Two years ago, pricing for public entity insurance coverage skyrocketed, retentions were adjusted, limits cut, and underwriting requirements for cyber security controls became mandatory. And while the general perception is that the market has leveled out and softened a bit, that just doesn’t hold true for public entities.

The reality is that only those insureds with top tier, platinum level cyber security are seeing flat or even decreased premiums. And even then, the insured must check all the boxes for controls.

Public entities are particularly vulnerable to cyberattacks because their budget allocation for cyber security is often less robust than other industries and hackers can more easily access their systems. Additionally, public entities provide crucial services to a large and diverse constituency, so business disruption is especially problematic for them.

For risks that fall short of top tier or are lagging in cyber security levels, premiums and retentions will continue to be inflated, and key coverage will carry a low sub limit for ransomware/extortion, systems failure, dependent business interruption, etc. 

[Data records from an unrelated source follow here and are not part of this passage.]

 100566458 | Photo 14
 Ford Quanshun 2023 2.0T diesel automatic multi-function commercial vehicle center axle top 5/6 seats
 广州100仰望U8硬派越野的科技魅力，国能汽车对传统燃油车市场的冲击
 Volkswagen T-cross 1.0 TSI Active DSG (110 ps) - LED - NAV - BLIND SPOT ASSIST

What we now refer to as “Cyber Liability” began as website content and concerns over compliance with Payment Card Industry Data Security Standards (PCI), as well as an industrywide focus on insurance products for first-party privacy/data breach exposures. Over the last two years, it has quickly morphed into a business continuity backstop with high recovery costs due to extortion, ransomware and email compromise.

 

State of the Market

Public entities who have not improved cyber safeguards since our last report are finding they are woefully unprepared to seek coverage in the current marketplace. The message is clear: clean up security controls and spend money on safeguards, or cyber insurance may not be available.

We haven’t seen many new carriers enter the space except for top tier risks, and only insureds with top-of-the-line cyber security measures are likely to see flat rates or premium reductions at renewal. However, some carriers have begun to selectively write risks they want to consider, likely the result of premiums at acceptable levels and more groups having better controls in place than last year.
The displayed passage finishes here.